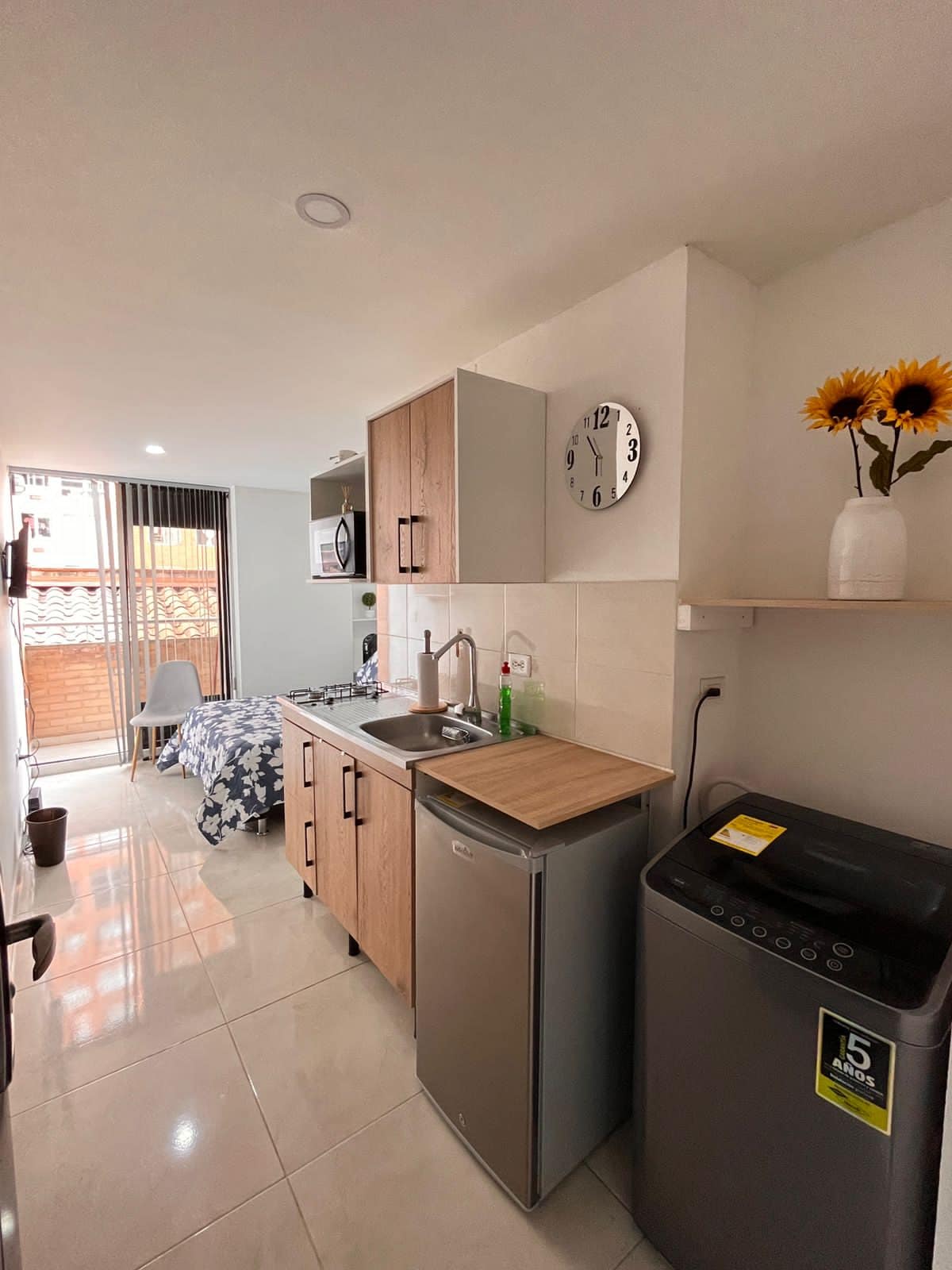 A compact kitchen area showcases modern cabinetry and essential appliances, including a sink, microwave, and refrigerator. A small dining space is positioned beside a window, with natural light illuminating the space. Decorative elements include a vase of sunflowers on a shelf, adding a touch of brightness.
++++++++++
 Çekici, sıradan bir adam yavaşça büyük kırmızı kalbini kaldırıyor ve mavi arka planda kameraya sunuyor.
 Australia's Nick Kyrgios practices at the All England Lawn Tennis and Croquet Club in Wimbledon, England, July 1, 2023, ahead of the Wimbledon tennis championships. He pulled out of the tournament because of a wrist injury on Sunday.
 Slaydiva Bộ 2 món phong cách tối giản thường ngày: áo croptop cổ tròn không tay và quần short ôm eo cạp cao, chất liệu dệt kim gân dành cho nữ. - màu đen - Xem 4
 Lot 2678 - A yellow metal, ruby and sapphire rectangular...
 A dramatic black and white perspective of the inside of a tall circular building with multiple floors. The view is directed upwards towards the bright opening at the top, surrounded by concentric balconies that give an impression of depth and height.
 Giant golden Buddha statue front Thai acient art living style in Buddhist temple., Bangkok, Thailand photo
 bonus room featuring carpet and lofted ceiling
++++++++++
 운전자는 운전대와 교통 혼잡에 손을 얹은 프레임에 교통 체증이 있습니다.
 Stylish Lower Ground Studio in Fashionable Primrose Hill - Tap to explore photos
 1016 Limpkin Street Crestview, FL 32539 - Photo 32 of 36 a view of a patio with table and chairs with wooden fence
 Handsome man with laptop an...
++++++++++
Using the listing above, copy exactly the line that contains "Giant golden Buddha", the line that contains "bonus room featuring", and each line that falls between them.

- **ANSWER SPACE**:
 Giant golden Buddha statue front Thai acient art living style in Buddhist temple., Bangkok, Thailand photo
 bonus room featuring carpet and lofted ceiling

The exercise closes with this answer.